EXCERPTED RECORDS>
════════════════

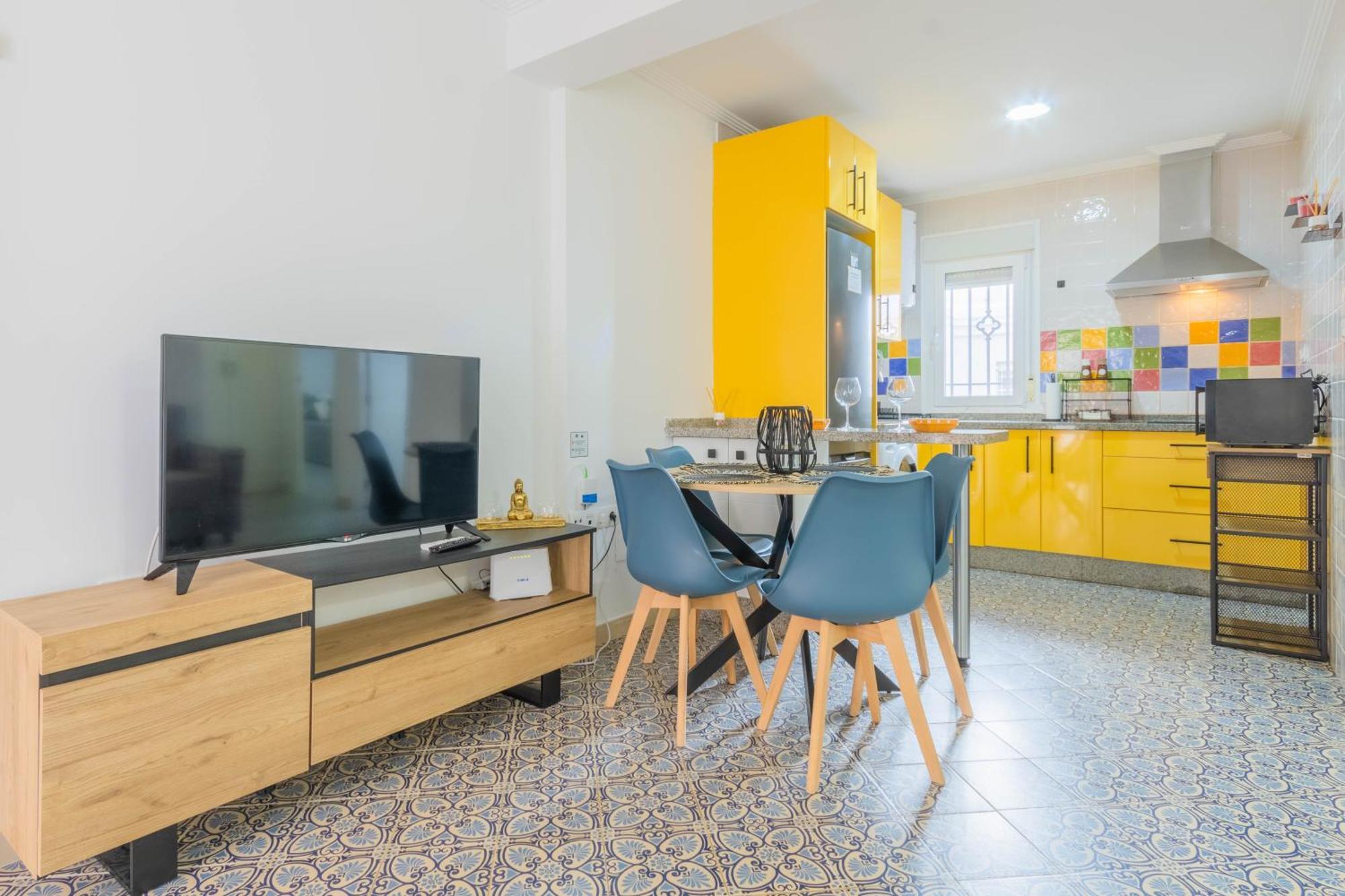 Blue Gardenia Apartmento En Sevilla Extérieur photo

════════════════

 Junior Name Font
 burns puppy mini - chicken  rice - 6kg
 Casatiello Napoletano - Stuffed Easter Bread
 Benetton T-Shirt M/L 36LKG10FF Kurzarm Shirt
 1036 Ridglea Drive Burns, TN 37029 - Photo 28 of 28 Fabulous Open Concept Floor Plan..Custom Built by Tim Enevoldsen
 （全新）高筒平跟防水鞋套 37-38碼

════════════════

TRY IT> In the material above, locate the line containing "Junior Name Font" and the line containing "1036 Ridglea Drive". Transcribe exactly those two lines and every line between them, and nothing more.

YOUR SOLUTION>
 Junior Name Font
 burns puppy mini - chicken  rice - 6kg
 Casatiello Napoletano - Stuffed Easter Bread
 Benetton T-Shirt M/L 36LKG10FF Kurzarm Shirt
 1036 Ridglea Drive Burns, TN 37029 - Photo 28 of 28 Fabulous Open Concept Floor Plan..Custom Built by Tim Enevoldsen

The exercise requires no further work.